═══ DATA IN THIS EXERCISE ═══
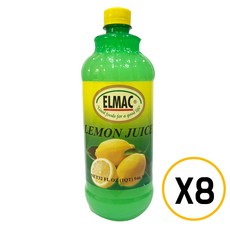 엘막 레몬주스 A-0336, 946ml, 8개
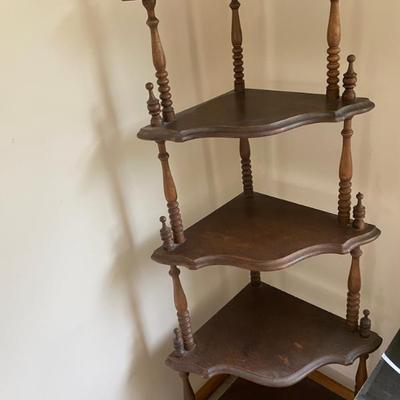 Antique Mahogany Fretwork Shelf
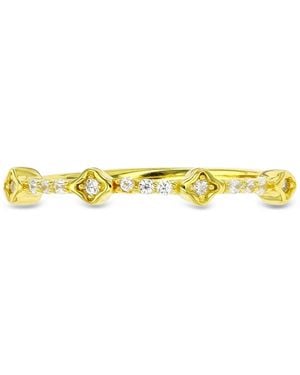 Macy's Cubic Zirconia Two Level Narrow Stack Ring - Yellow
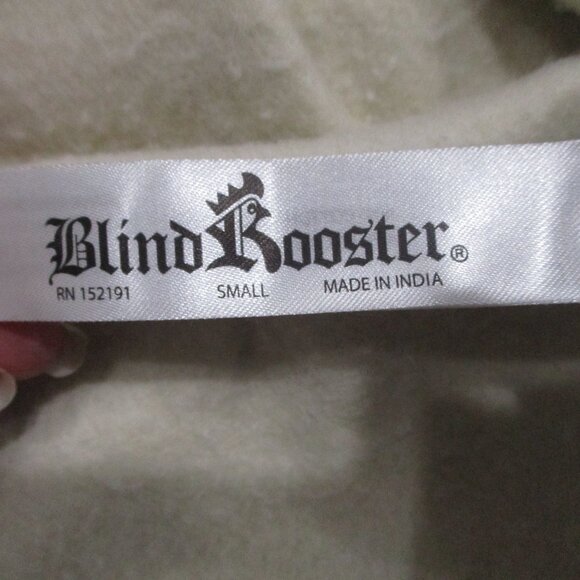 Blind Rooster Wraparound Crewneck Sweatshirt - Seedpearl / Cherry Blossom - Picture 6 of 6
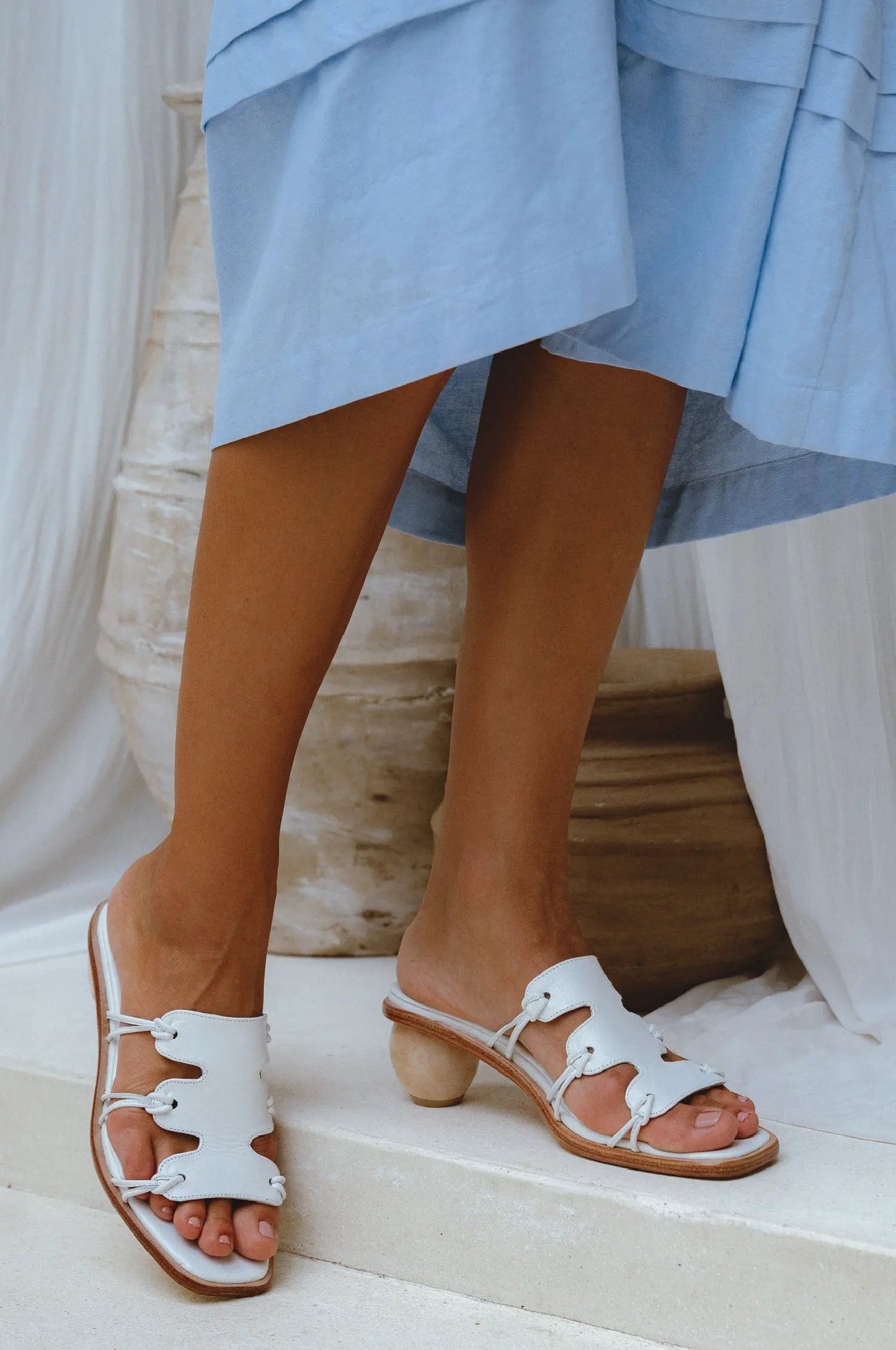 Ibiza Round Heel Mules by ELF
═══
*WHAT NEEDS TO BE DONE:* Please reproduce all the material exactly. Pictures stay out of the copy.

*RESULT:*
 엘막 레몬주스 A-0336, 946ml, 8개
 Antique Mahogany Fretwork Shelf
 Macy's Cubic Zirconia Two Level Narrow Stack Ring - Yellow
 Blind Rooster Wraparound Crewneck Sweatshirt - Seedpearl / Cherry Blossom - Picture 6 of 6
 Ibiza Round Heel Mules by ELF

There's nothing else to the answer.